What this task involves:
Using the data that follows, return exactly the lines from the one that contains "Then you just" through the one that contains "After 6 to 8", ends included.

Data for analysis:

........

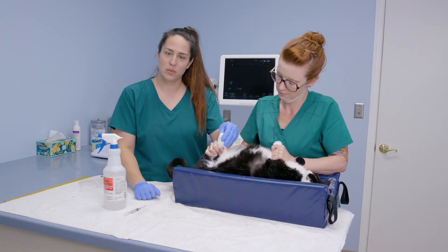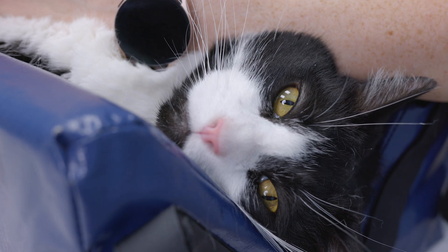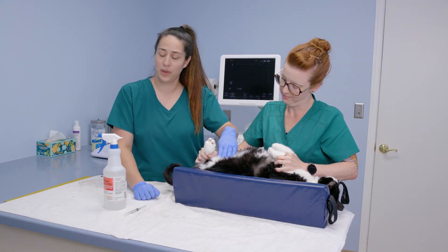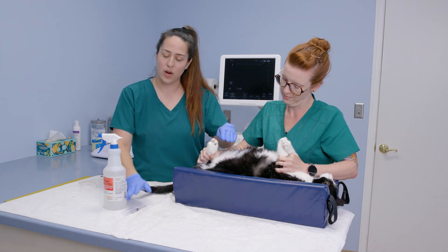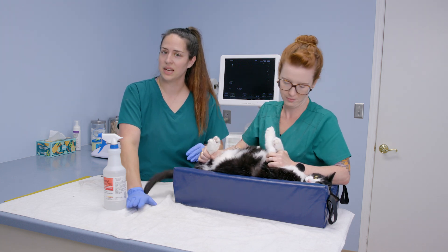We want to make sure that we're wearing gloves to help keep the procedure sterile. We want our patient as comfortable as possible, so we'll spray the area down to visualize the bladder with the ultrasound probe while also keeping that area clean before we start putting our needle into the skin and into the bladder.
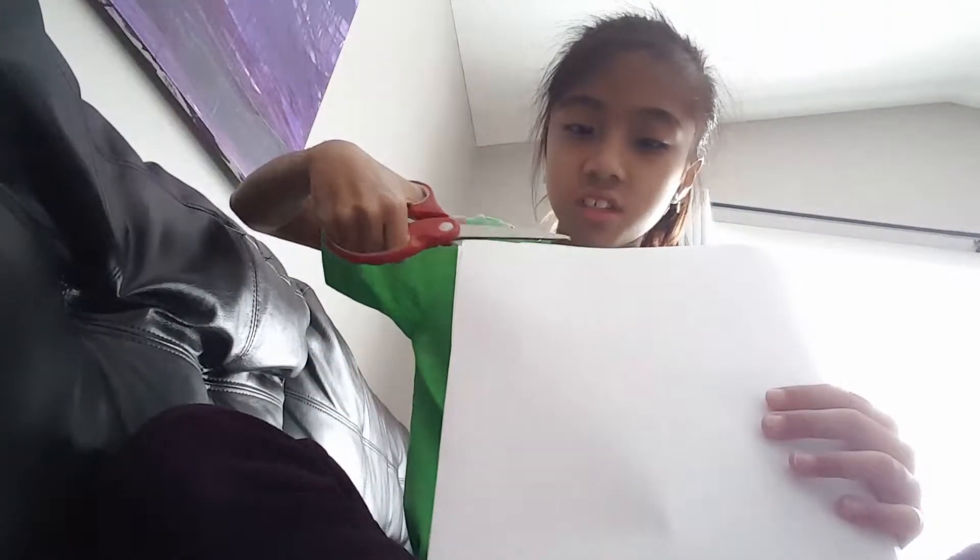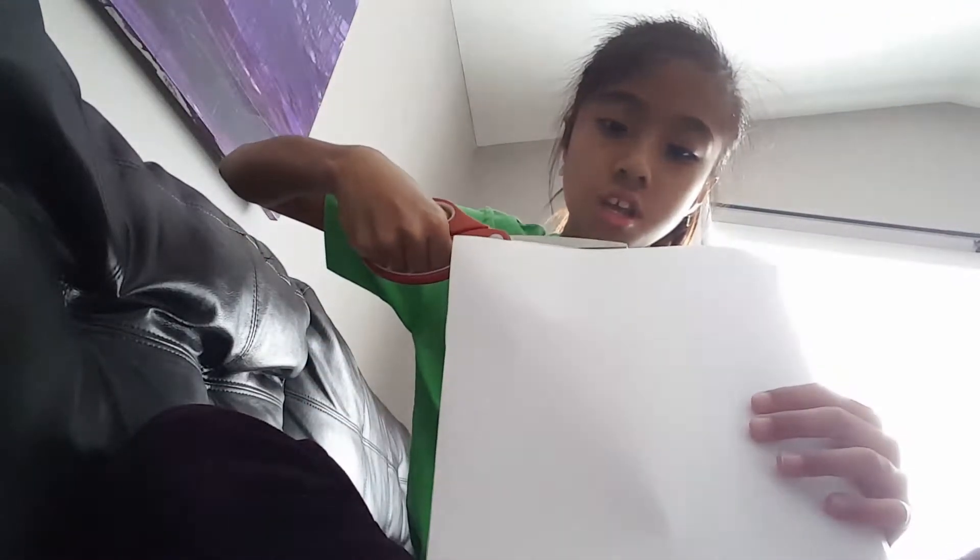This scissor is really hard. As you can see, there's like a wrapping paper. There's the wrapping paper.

........

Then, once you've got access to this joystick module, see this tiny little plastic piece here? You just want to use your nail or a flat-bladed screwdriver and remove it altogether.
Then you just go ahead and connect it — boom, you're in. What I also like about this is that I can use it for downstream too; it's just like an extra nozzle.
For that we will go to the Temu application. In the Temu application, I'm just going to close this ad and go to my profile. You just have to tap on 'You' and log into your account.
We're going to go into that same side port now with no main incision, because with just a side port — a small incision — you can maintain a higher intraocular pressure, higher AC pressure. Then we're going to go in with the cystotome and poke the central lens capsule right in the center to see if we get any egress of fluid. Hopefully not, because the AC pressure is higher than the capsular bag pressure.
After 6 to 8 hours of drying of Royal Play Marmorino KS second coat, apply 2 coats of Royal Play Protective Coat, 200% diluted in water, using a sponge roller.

........

Reply:
Then you just go ahead and connect it — boom, you're in. What I also like about this is that I can use it for downstream too; it's just like an extra nozzle.
For that we will go to the Temu application. In the Temu application, I'm just going to close this ad and go to my profile. You just have to tap on 'You' and log into your account.
We're going to go into that same side port now with no main incision, because with just a side port — a small incision — you can maintain a higher intraocular pressure, higher AC pressure. Then we're going to go in with the cystotome and poke the central lens capsule right in the center to see if we get any egress of fluid. Hopefully not, because the AC pressure is higher than the capsular bag pressure.
After 6 to 8 hours of drying of Royal Play Marmorino KS second coat, apply 2 coats of Royal Play Protective Coat, 200% diluted in water, using a sponge roller.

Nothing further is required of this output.